Yoshinobu Kato drew nothing but "dots" all the way up until entering his 70s just a few years ago. Yet now, the artist says he has switched from "dots" to "lines." Just what is signified by this dramatic turn in which all the "dots" have vanished from his paintings?
Kato's dots are dots of life. He learned about life and death as a teenager, and that is when he encountered "dots." The scion of a wealthy fishing family, he fell in love with the 16-year-old daughter of a servant. However, the girl was unable to acclimate herself to her surroundings, and she committed suicide. The youth learned of the existence of an "invisible air" that drives people to their deaths, and he ventured deep into the mountains and attempted to take his own life. The young man lay on his back in the snow, where, feeling the warmth of the snow surrounding his body, he awaited death. Then, from out of nowhere, an insect appeared above his head and the youth's consciousness slipped away from him into the sky above. What he saw there was black "dots," namely the strange sight of these dots falling down toward him in rapid succession. His aimless soul was utterly captivated, and when he came to his senses he had been rescued from his death. Those "dots" were merely shadows cast by some crystals of snow. But they were etched into the young man's mind as a supreme presence pointing convincingly to an "invisible air." That is the origin of Kato's "dots." Right then and there, Kato made it his life mission to comprehend "air" and to master "dots."
In order to help him grasp "air," fate led Yoshinobu Kato to become an artist. He met Kinjiro Kida, who produced works in snowy fields without saying a word. The painter, who had been the model for Takeo Arishima's "The Agony of Coming into the World," quietly taught him what being an artist meant. When Kato went to take the admissions exam for the Tokyo National University of Fine Arts and Music (Geidai), he met Sanko Inoue, who told him, "You can learn more by drawing the growth of one flower over and over than you would at Geidai." So he became a private pupil of Inoue, and by continually drawing nothing but circles, triangles, and squares, he gained a deep sense of abstract concepts. He established a rapport with sculptor Shin Higuchi and lived in the United States for a time, but then he awakened to the Oriental view of life and returned to Japan. He then hid out in a temple and continued to draw while subsisting on charitable donations, but he left the temple when he began to suffer from malnutrition. It was only after drifting for a while that he finally met Hideji Hisatsune, the greatest landscaper in modern times. At that point, Kato was instructed in the esoteric techniques of making gardens.
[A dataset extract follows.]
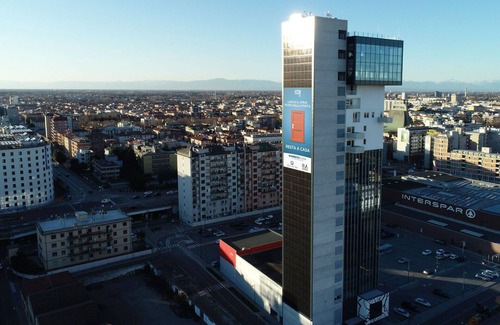 Mestre Apartment | Htm Tower - 1204 Executive Terrazza by Halldis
?Ever since then, Kato has made dots in accordance with the principles of garden creating -- namely, in crossways, diagonal, and radial patterns. That is why he has no worries whatsoever when he is making the dots. He just single-mindedly places dots on the canvas. As he puts down these dots, Kato reads the invisible air. "By drawing dots over and over," he says, "there is something that comes into view." Crossways, diagonal, and radial patterns constitute the aesthetics of bodily sensation. This is not a philosophy as one would refer to it in the Western sense. When a person merges completely as one with nature, the universe in its entirety flows into him. And that is precisely why he is able to discern the invisible air.
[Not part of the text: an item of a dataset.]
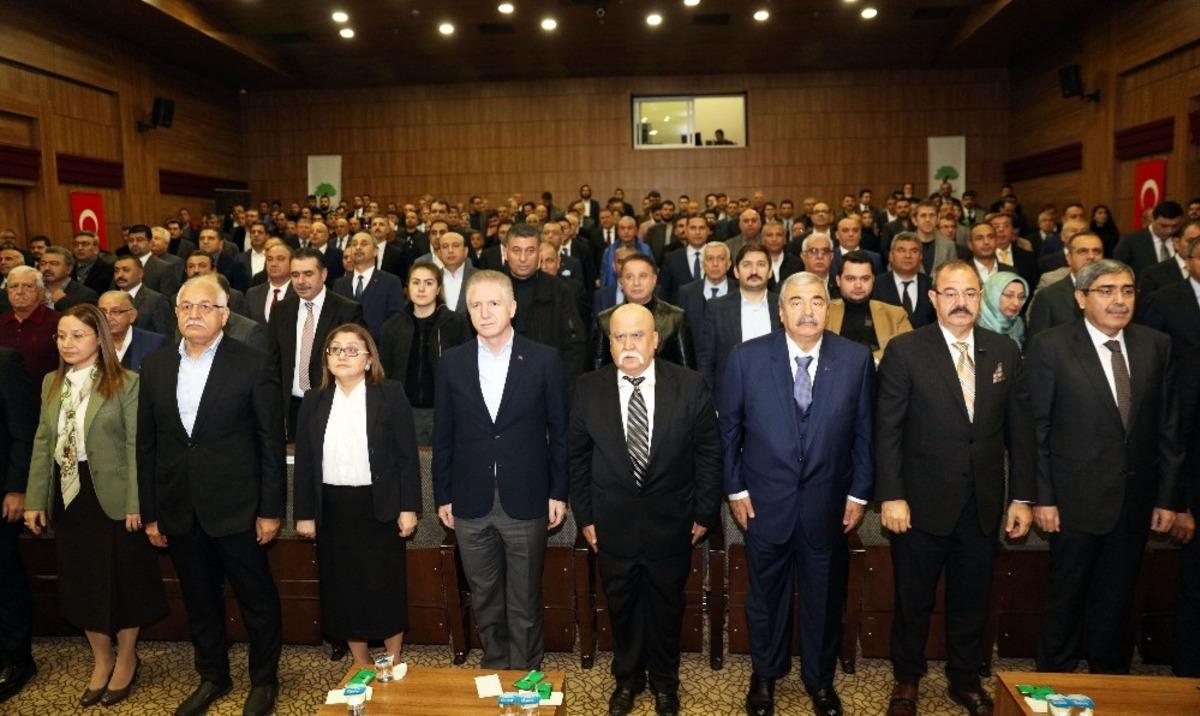 Olay Medya Grubu 27 yılın altın adamları &ouml;d&uuml;l t&ouml;reni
The theme of this exhibit is "wind." Kato depicted the "invisible air" in his third air series, and by shifting from dots to lines, here he is attempting to convey the flowing wind. "Lines" are neither more nor less than the "radial" component of the crossways, diagonal, and radial principles, and as such, they constitute "paths." There are some "lines" that only an artist who has mastered "dots" can draw, and there are some "paths" that represent penetrating insights.
Creatures in the natural world live by perceiving microscopic changes in the air around them. They say that if you set a butterfly free inside a room, you can tell which way the wind is blowing in the room. The butterfly does an outstanding job of perceiving even an impalpable breeze and floating on it. Kato perceives that breeze, or wind, in the form of "dots" and expresses it using "lines." Points can express lines, lines can express surfaces, surfaces can express space, and space can express the cosmos. Thus the crossways, diagonal, and radial principles are all inherent in "dots," which means there is no limit to what dots can create.
?"Wind" consists of air but is not limited to it. Winds from afar carry many different things our way, and they sweep away unclean things. However, modern man has lost the ability to communicate with nature and consequently cannot read the "wind." As a result, he is always uncertain. An intangible uncertainty has forced its way into the dark depths of our hearts, repeatedly stretching and growing, each time shrinking us just a little. When one reads the wind and becomes one with the universe, then he or she can be enraptured by a self that is as big as the universe. Yoshinobu Kato's "Wind Series" is a collection of works that enable us to hear, in a refreshing, invigorating way, the voice of the universe.